In August 2021, I arrived in the United States. At the same time, the world’s largest democratic protest was taking place in my home country, India.
Thousands of farmers had laid siege to New Delhi’s highways for an entire year, facing water cannons, police brutality, cold winters and a torrid summer as they protested against the new private sector-friendly agriculture laws.
The eventual success of the farmer and labor unions stands as a mammoth — yet rare — victory for protestors in India against the neo-liberal regime of the Bharatiya Janata Party, or BJP. Since becoming the ruling party in 2014, the national government under BJP has increasingly turned dictatorial and majoritarian. This claim is well documented by several indexes, including Freedom House.

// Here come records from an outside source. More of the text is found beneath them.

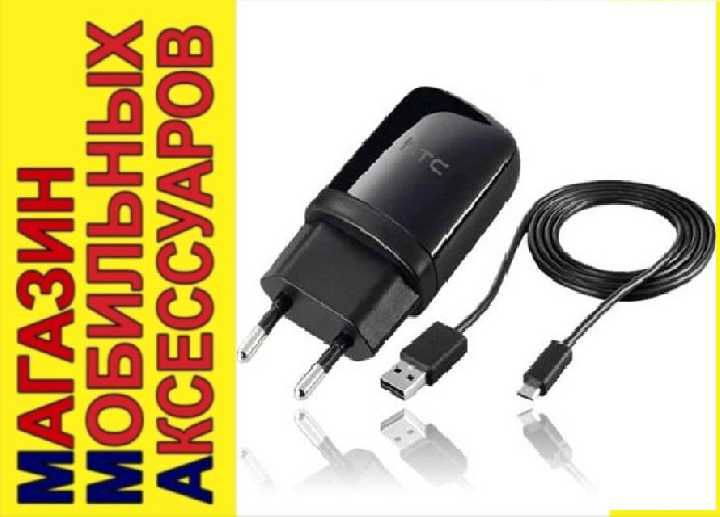 ЗАРЯДКА ЗАРЯДНОЕ HTC TC E250 МИКРО MICRO USB - фото фото фото 0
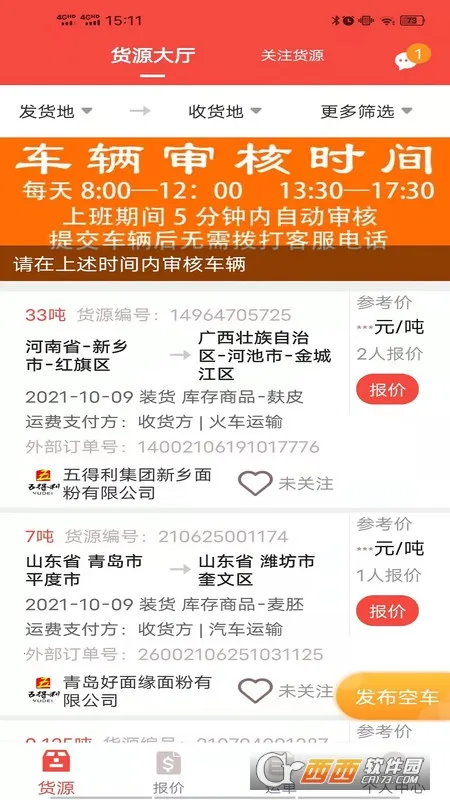 ֯˰׿ֻv2.5.5.108 ֻ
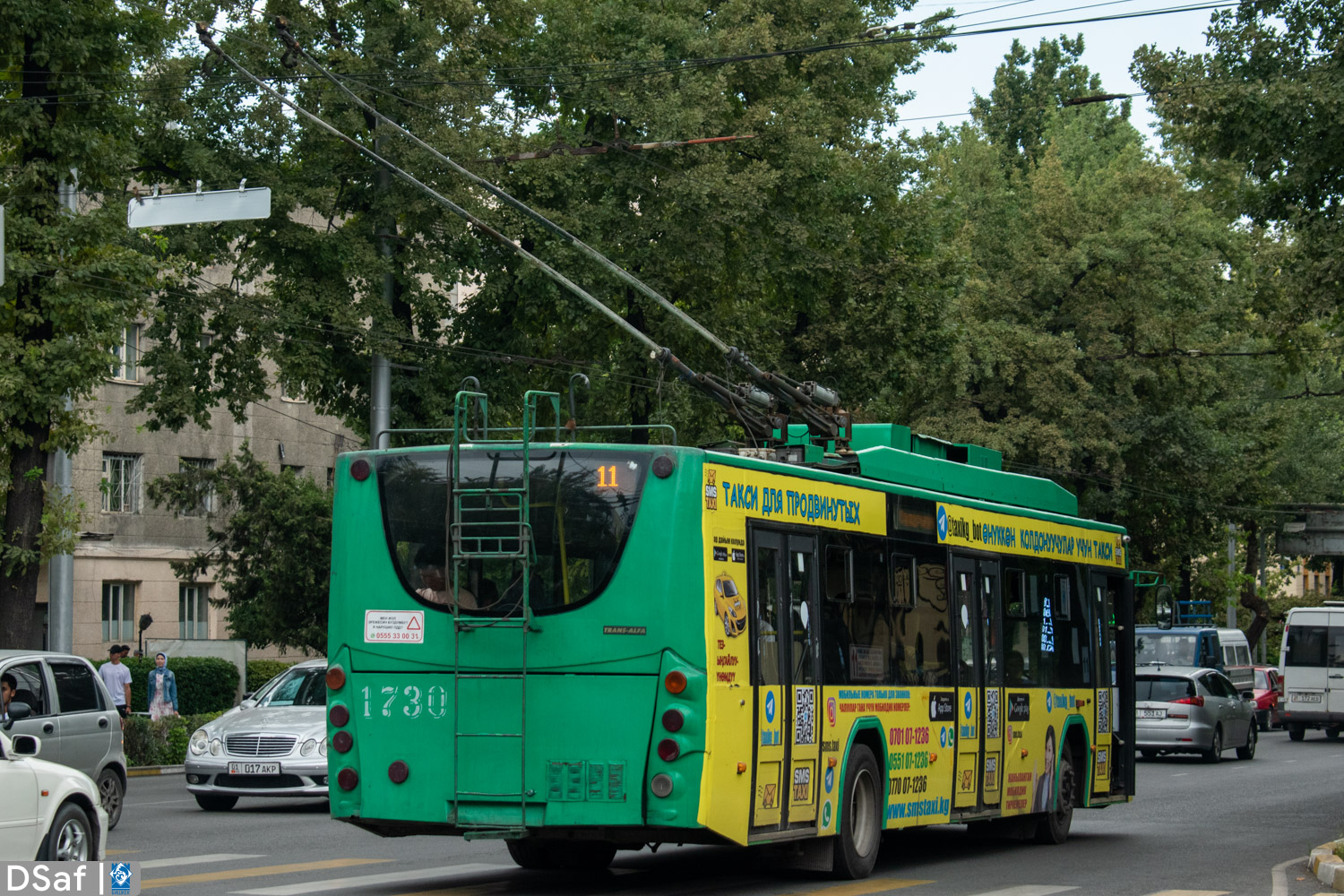 Бишкек, ВМЗ-5298.01 «Авангард» № 1730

While the movement’s success chiefly belongs to every Indian farmer and worker who camped out on the borders of the capital city, the contributions of the Indian diaspora, especially in North America, cannot be overlooked.

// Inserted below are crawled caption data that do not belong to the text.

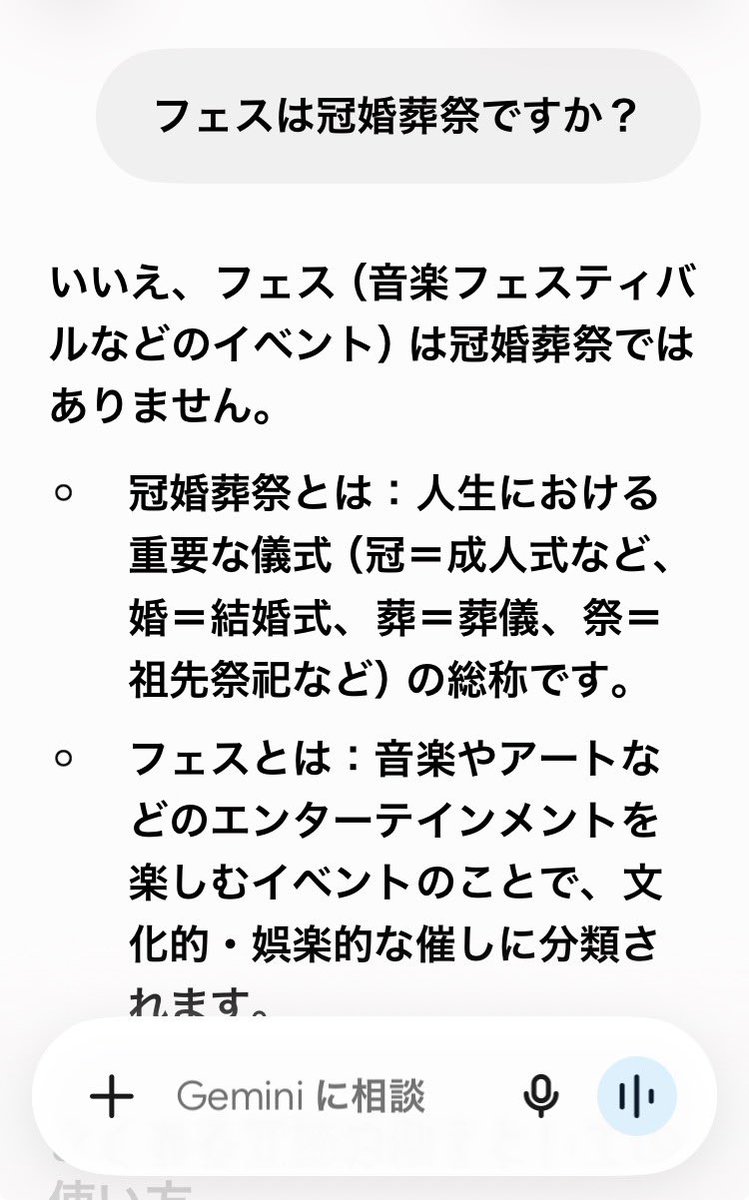 silvano4472's tweet photo. 店長：来月のシフト相談が…サマソニ行きたいんですが、お盆でバイトさんがいなくて💦

ワイ：サマソニいいね😊
フェスは冠婚葬祭っ‼️
こっちの店、出とくから行きなっ👍

店長：あざーす☀️

飲食業30数年🍕こんなセリフが簡単に出るようになったのはChevonのおかげです💛💚❤️

#summersonic
#Chevon https://t.co/Ott9T80A72
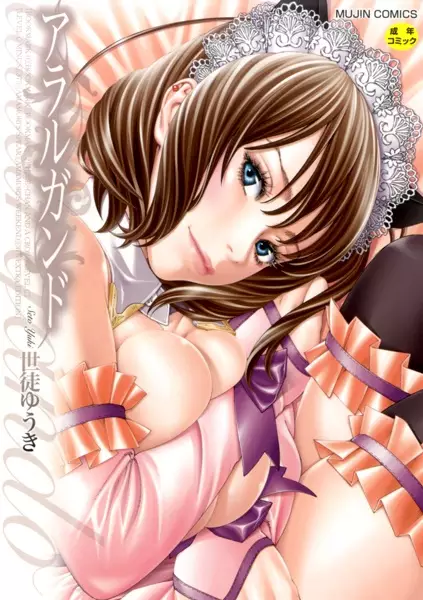 Copertina di Allargando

The Indian diaspora in the U.S. actively politicized throughout the duration of the protest. From creating awareness through mass mobilization and catching the attention of legislators (as well as Rihanna), funds were raised to support the cause abroad. At UC Berkeley, we saw several South Asian organizations raise awareness for the cause as signs of “No Farmer, No Food” adorned Sather Gate.

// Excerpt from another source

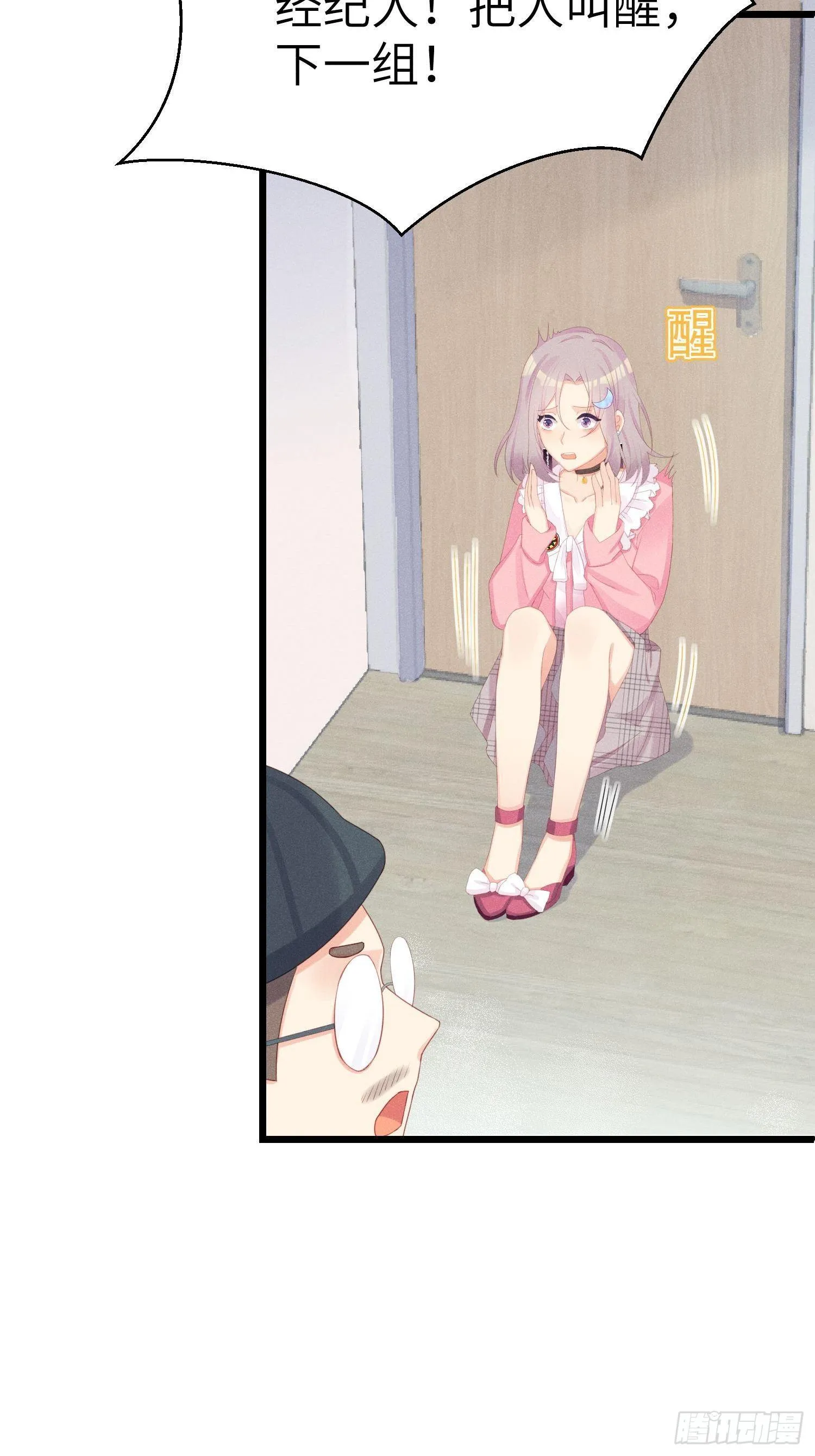 郑星昴失踪？！ 第27页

Yet, this event was an outlier.
The Indian American demographic is often associated with apoliticism toward India, with 40% of Indian Americans maintaining an arm’s length from everyday politics and another 30% endorsing BJP’s policies. In other words, nearly three-fourths of the Indian diaspora in the U.S. either condone or are indifferent to a rising exhibition of neo-fascism that results in attacks on minorities and “lower” caste individuals in India.
Why is this so?
Geographical distance does little to explain this. Most Indian Americans continue to maintain deep ties with India — nearly one-fourth of global remittances to India coming from the U.S. Many Indian Americans own tangible and intangible assets in India, which range from ancestral property to stock, in addition to having several family relations in India.
Therefore, it may be inaccurate to claim that neo-fascism and the erosion of democracy in India do not affect the Indian diaspora in the United States.
The missing piece of the puzzle that can explain Indian Americans’ apoliticism towards the dismantling of the world’s largest democracy — to which they have great financial, cultural and familial ties — may have something to do with identity.
Nearly 80% of Hindu Indian Americans that identify with a caste belong to an “upper” caste. Among cultures in India where a formal caste system may not exist, it is similarly safe to assume that it is those in positions of power and privilege who can immigrate to the U.S. In contrast, 68% of the population living in India identify with the “lower” castes. This results in the Indian diaspora in America being overwhelmingly disproportionate in its representation of “upper” caste individuals — a class that is historically wealthy due to the traditional oppressive caste system in India.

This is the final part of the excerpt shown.